Sir Walter Scott
Sir Walter Scott gained worldwide celebrity not only for his poetry but also for his historical novels, the first being "Waverley", a tale of the Jacobite Rebellion 1745.
Writing in the late 18th and early 19th centuries, Scott is credited with being the originator of the historical novel, and his romantic portrayal of Scotland combined with the orchestrated visit of George III of Edinburgh in 1822 helped to rehabilitate Scotland following the Jacobite rebellion. Tartan - once banned - became integral to Scotland’s identity.
Queen Victoria’s visit to Scotland early in her reign was partly due to Scott’s novels.
Sir Walter Scott came to the Borders from Edinburgh as a child for the good of his health. He spent much of his early childhood at nearby Smailholm where his grandfather farmed.

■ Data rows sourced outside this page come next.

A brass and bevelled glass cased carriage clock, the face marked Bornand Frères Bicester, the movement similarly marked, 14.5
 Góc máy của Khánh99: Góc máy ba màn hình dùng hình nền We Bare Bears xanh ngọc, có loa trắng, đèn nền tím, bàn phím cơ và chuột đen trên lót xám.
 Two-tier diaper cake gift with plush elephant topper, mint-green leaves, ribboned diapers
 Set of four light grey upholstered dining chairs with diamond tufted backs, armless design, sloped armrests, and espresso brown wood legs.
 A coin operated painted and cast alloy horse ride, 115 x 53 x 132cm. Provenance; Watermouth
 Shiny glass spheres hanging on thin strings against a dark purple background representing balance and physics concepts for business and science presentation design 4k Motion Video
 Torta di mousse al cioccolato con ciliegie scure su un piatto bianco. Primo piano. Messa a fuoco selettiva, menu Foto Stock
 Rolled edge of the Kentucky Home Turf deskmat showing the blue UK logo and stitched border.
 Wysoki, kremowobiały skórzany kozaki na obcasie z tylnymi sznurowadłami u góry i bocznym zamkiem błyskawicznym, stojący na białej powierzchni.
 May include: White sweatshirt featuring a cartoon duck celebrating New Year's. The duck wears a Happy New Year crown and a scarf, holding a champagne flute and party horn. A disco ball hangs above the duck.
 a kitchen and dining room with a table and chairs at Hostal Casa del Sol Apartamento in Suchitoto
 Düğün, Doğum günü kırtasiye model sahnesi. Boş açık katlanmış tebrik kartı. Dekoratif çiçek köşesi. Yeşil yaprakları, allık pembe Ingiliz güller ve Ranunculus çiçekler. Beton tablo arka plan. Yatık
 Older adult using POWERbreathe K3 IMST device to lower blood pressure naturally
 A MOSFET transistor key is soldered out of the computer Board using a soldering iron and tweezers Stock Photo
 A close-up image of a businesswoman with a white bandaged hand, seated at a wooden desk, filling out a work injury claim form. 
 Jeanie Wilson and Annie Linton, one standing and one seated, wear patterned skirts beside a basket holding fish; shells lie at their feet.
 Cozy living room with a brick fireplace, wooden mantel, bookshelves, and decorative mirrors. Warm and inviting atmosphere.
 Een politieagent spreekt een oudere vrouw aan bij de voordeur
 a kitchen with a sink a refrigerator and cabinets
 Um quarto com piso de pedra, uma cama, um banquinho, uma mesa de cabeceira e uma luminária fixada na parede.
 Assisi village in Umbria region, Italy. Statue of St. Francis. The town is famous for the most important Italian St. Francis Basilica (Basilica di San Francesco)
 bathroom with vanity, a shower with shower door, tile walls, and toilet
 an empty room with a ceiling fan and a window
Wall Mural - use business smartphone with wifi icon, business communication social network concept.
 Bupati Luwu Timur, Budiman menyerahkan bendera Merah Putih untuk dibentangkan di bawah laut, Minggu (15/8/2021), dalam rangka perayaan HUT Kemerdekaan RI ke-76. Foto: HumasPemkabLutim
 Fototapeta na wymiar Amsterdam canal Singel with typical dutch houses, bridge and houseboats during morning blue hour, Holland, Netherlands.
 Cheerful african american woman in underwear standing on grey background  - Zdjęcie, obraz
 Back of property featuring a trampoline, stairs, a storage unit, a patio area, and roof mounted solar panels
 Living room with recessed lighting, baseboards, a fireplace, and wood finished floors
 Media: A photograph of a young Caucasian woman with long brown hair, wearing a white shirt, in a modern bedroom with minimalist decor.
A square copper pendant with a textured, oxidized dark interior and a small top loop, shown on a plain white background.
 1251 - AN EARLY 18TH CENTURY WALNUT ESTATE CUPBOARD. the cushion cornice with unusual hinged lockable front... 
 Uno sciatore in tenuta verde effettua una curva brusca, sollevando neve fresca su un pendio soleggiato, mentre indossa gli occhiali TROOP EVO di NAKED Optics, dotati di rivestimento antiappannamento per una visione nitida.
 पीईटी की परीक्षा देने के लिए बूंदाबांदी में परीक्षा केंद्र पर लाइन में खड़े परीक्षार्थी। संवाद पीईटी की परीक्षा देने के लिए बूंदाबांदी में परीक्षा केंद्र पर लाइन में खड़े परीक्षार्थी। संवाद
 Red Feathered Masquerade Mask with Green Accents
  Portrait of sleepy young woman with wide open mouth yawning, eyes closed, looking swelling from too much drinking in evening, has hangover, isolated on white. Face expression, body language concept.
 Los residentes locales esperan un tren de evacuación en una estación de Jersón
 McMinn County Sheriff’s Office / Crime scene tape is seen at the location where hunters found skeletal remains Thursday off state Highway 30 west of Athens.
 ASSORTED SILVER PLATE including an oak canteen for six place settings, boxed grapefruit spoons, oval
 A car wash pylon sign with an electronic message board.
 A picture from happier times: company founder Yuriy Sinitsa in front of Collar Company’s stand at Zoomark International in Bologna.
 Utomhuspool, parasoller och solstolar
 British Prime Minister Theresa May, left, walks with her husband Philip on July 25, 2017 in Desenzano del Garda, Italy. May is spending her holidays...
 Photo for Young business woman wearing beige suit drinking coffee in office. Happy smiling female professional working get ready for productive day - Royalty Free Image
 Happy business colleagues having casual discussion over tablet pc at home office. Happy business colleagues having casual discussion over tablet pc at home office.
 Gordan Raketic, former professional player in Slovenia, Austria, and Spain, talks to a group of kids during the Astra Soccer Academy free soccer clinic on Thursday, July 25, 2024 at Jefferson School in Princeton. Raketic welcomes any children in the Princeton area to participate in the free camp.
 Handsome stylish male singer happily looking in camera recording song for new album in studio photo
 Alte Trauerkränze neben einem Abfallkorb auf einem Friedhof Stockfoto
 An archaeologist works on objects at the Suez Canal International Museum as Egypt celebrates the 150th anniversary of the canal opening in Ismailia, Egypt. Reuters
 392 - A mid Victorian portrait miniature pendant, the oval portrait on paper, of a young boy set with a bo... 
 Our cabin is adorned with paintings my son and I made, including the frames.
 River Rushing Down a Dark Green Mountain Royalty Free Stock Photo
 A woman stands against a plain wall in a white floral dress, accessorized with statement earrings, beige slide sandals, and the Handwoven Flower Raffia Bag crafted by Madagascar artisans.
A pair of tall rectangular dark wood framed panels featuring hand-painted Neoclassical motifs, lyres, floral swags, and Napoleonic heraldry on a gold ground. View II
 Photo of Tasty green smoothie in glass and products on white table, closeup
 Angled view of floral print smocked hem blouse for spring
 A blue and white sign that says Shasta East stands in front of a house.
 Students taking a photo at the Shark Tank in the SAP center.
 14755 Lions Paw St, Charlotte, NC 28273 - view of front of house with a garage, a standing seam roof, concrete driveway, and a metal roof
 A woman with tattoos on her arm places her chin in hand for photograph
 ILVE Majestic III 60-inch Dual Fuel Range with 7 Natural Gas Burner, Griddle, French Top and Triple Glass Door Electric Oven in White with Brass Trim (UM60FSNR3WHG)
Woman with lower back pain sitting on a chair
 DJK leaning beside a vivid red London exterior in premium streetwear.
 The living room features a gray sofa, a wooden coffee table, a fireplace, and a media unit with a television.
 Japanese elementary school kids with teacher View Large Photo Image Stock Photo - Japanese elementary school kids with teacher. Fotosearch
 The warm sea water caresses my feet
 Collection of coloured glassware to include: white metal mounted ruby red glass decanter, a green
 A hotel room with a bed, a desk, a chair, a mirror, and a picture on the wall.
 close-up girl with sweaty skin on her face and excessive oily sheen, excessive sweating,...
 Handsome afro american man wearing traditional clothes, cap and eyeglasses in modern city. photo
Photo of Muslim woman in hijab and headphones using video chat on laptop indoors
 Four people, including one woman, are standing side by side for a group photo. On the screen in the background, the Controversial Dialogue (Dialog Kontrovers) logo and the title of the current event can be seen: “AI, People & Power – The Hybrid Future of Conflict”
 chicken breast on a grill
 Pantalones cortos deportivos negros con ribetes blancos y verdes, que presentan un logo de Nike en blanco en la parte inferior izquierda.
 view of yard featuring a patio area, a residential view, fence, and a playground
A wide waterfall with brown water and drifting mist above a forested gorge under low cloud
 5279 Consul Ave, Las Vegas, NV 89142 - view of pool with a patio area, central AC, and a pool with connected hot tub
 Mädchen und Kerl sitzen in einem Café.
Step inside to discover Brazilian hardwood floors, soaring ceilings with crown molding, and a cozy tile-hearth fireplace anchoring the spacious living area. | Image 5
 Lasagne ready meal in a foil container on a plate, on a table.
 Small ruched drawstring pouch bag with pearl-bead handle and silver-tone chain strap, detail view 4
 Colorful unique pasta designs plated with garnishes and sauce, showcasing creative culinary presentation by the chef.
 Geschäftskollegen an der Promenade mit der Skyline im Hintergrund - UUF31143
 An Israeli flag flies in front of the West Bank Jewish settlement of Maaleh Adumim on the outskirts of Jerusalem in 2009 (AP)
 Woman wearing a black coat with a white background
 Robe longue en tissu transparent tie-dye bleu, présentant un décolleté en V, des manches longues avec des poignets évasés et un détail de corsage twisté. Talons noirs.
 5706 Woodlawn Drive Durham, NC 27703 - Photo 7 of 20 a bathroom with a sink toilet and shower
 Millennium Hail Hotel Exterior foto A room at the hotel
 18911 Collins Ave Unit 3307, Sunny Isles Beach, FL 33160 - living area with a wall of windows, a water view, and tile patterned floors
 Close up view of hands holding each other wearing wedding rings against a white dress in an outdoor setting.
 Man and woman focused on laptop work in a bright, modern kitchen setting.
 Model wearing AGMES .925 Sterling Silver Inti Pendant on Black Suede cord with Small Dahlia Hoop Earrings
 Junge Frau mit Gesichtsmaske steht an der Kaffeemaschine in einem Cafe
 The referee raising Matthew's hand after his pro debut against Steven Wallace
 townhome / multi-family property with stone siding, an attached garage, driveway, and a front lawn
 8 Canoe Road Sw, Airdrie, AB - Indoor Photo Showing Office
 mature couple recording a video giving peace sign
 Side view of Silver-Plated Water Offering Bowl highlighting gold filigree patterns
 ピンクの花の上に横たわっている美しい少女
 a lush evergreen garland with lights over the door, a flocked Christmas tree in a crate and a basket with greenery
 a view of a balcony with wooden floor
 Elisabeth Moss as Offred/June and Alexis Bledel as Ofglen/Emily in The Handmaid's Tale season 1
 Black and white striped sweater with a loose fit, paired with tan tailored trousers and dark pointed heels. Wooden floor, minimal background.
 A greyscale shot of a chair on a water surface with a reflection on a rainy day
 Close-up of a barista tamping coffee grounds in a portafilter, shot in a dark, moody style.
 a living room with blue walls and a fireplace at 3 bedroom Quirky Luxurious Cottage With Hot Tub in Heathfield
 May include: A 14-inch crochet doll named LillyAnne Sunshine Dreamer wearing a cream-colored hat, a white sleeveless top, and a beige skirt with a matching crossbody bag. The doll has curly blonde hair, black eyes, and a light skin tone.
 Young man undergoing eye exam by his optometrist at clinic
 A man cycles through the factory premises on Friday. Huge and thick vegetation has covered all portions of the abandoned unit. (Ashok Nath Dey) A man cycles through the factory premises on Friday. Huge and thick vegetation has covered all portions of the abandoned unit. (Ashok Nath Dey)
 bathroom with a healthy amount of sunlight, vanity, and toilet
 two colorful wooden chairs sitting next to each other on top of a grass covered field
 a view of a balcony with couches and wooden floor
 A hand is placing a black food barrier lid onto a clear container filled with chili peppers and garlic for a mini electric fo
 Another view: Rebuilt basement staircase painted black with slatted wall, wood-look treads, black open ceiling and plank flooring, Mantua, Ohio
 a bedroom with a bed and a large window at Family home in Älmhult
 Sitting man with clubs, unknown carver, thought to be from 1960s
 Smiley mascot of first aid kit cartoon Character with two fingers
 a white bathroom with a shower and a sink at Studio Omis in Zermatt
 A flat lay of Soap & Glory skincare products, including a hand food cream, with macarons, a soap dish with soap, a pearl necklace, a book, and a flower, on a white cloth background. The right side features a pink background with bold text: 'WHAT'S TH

Returning to Edinburgh for his education, studying in classics he met Robert Burns when he was 15 years old. Burns was then 27 years old. A keen unionist, Scott disapproved of Burn’s politics but loved his poetry and carried on the work of Burns by preserving the Scots language.
The son of a lawyer, Scott was apprenticed to his father and subsequently become an advocate, returning to the Borders as Sherriff depute for Selkirk, publishing poetry before embarking on the novels for which he is famous.
Growing up in the Scottish Borders at nearby Smailholm Tower, Walter Scott was a close friend of the Haigs of Bemersyde as was his father before him. One of his ancestors was Margaret Haig born in 1592 who married James Haliburton Of Dryburgh.
The romance of Bemersyde greatly appealed to Walter Scott. His son-in-law, Lockhart, described Bemersyde in 1831 as "ancient residence of the most ancient family now subsisting on Tweedside".
Russell, in his history of the Haigs of Bemersyde in 1881 wrote, "But its antiquity was not the sole claim which Bemersyde had upon the affections and veneration of Sir Walter Scott. There was that attaching to the place which could not fail, in one so constituted, not only awaken his interest but to stir his imagination. Round the family and their old ancestral home, the fanciful superstitions of the district had thrown a veil of mingled mystery and wonder, and not a peasant or a peasant’s child but could repeat the prophetic utterance of Thomas the Rhymer: "Tyde what may betide, Haig shall be Haig of Bemersyde."
This prediction, which had floated in various forms about the Borders for hundreds of years was sufficient in the popular belief to ensure, as it had already for many long centuries insured, the stability and permanency of the house of Bemersyde. Many other of the prophet’s sayings were still current among the people, and to each and all of them a large and liberal credence was given; but to none did the popular faith cling to tenaciously as too this: for were not the place and family still there to point to in testimony of its truth’
Scott himself remarked in 1817 when visiting Bemersyde with Washington Irving, “There seemed to him almost a wizard spell hanging over it, in consequence of the prophecy of Thomas the Rhymer, in which in his young days he most potently believed.”
Washington Irving wrote Rip Van Winkle later that year.
Scott completed the building of Abbotsford House near Melrose in 1824 and attended church at Mertoun near Bemersyde every Sunday.
The financial crash of 1825 brought Scott to bankruptcy and he set about writing to clear his debts.
In autumn 1831 the artist Turner came to stay with Scott with the purpose of making drawings to illustrate Scott’s poems.
Having visited Smailholm Tower and Dryburgh Abbey the party, Scott, Turner and Scott’s son-in-law took luncheon at Bemersyde in “one of the quaint vaulted apartments of the old tower.”
Sir Walter Scott died the following September and, having been laid to rest in Dryburgh Abbey (an entitlement resulting from his Haig ancestors), his cortege took the route back to Abbotsford climbing the road at Bemersyde hill. As had been their custom every Sunday, the horses stopped at the top of the hill of their own accord. (It was the custom when carriages went up steep hills, the inmates would lighten the load by getting out and walking uphill). This is the origin of the viewpoint now known as Scott’s View which looks over the Tweed from Bemersyde Hill to the Eildons beyond.